Porém, um dos seus vetores é a proteção dos bens jurídicos violados e, naturalmente, a proteção da própria vítima e da sociedade em relação aos agentes do crime, de modo que, responsabilizando suficientemente estes últimos, se possa esperar que os mesmos não venham a adotar novas condutas desviantes.
Nesta sede não estão em causa “quaisquer considerações relativas à culpa, mas exclusivamente considerações de prevenção geral sob a forma de exigência mínimas e irrenunciáveis do ordenamento jurídico. Só por estas exigências se limita – mas por elas limita sempre - o valor da socialização em liberdade que ilumina o instituto em análise”, cfr. F. Dias, As Consequências Jurídicas do Crime, p. 344.
Na mesma linha, no Acórdão RE, de 24.04.2007, CJ, Ano XXXII, Volume 1, p. 258 e segs., pode ler-se “Desde que as exigências de prevenção especial fiquem asseguradas, a pena de prisão só não deve ser suspensa na sua execução se a esta decisão se opuserem as exigências mínimas de prevenção geral constituído pela defesa irrenunciável do ordenamento jurídico”.»

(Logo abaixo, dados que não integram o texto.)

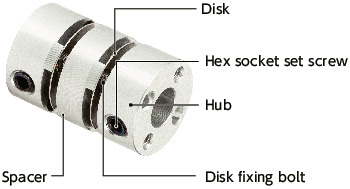 XHW-C/XHW-C-L/XHW-AC_CFlexible Couplings - Disk Type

Ou ainda, como se diz no Ac. do Relação de Guimarães proferido naquela mesma data, mas agora referente ao processo n.º 167/22.7GAMNC, deste Juízo Central Criminal de Viana do Castelo, Juiz ... onde se diz que «O objectivo de política criminal do instituto é “(…) o afastamento do delinquente, no futuro, da prática de novos crimes e não qualquer «correcção», «melhora» ou – ainda menos – «metanóia» das concepções daquele sobre a vida e o mundo. (…). Ou, como porventura será preferível dizer, decisivo é aqui o «conteúdo mínimo» da ideia de socialização, traduzida na «prevenção da reincidência» (Figueiredo Dias, ob. cit., pág. 333).
São finalidades exclusivamente preventivas, de prevenção geral e de prevenção especial [a proteção dos bens jurídicos e, na medida do possível, a reintegração do agente na comunidade (artigo 40.º, n.º 1 do Código Penal)], e não considerações relativas à culpa – aspeto comum a todas as operações de escolha das penas de substituição – que fundam a opção pela aplicação da suspensão da execução da pena de prisão. Porém, os objetivos de prevenção especial, de reinserção social do agente, têm sempre como limite o conteúdo mínimo da prevenção geral de integração.

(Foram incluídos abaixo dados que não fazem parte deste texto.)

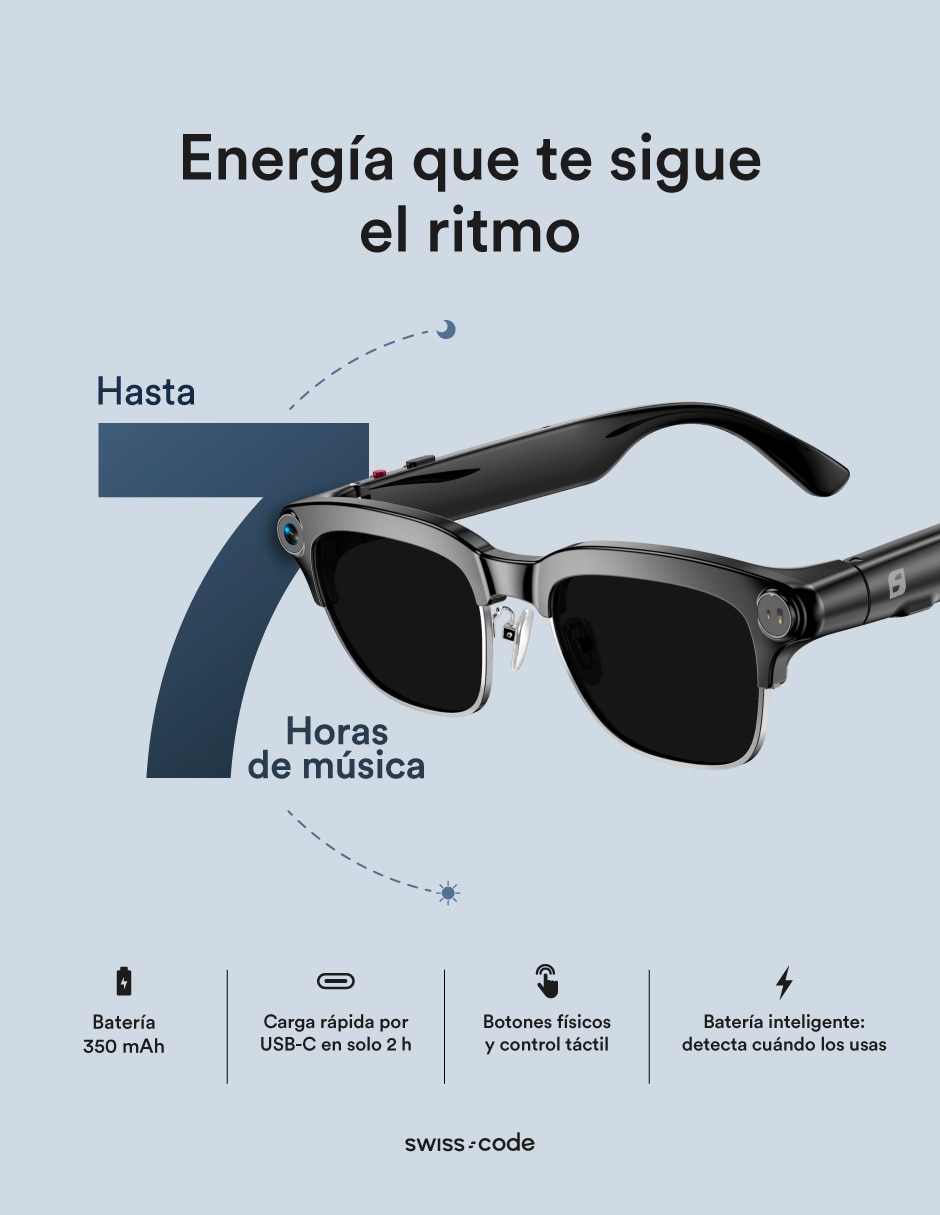 Lentes Inteligentes AI Club 2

A prevenção geral “deve surgir aqui unicamente sob a forma do conteúdo mínimo de prevenção de integração indispensável à defesa do ordenamento jurídico, como limite à actuação das exigências de prevenção especial de socialização. Quer dizer: desde que impostas ou aconselhadas à luz das exigências de socialização, a pena alternativa ou a pena de substituição só não serão aplicadas se a execução da pena de prisão se mostrar indispensável para que não sejam postas irremediavelmente em causa a necessária tutela dos bens jurídicos e estabilização contrafáctica das expectativas comunitárias.” (Figueiredo Dias, ob. cit., pág. 343). Vale isto por dizer, o que não raras vezes é esquecido, que não basta a formulação de um juízo de prognose favorável para que seja decretada a suspensão da execução da prisão.
A prognose favorável radica exclusivamente em considerações de prevenção especial de socialização e a lei, para além dela, exige ainda que ao decretamento da suspensão se não oponham as necessidades de prevenção e reprovação do crime.
O juízo de prognose a realizar pelo tribunal parte da análise conjugada das circunstâncias do caso concreto, das condições de vida e conduta anterior e posterior do agente e da sua revelada personalidade, análise da qual resultará como provável, ou não, que o agente irá sentir a condenação como uma solene advertência, ficando a sua eventual reincidência prevenida com a simples ameaça da prisão (com ou sem imposição de deveres, regras de conduta ou regime de prova), para concluir ou não, pela viabilidade da sua socialização em liberdade.»
Assim, a prognose exige uma valoração total de todas as circunstâncias que tornam possível uma conclusão sobre a conduta futura do arguido. Estas circunstâncias são a sua personalidade (por ex., inteligência e carácter), a sua vida anterior (por exemplo, outros delitos anteriormente cometidos da mesma ou de outra natureza), as circunstâncias do delito (por exemplo motivações e fins), o seu comportamento depois de ter cometido o crime (por exemplo reparação do dano, arrependimento), as circunstâncias da sua vida (por exemplo, profissão, casamento e família) e os efeitos que se esperam da suspensão.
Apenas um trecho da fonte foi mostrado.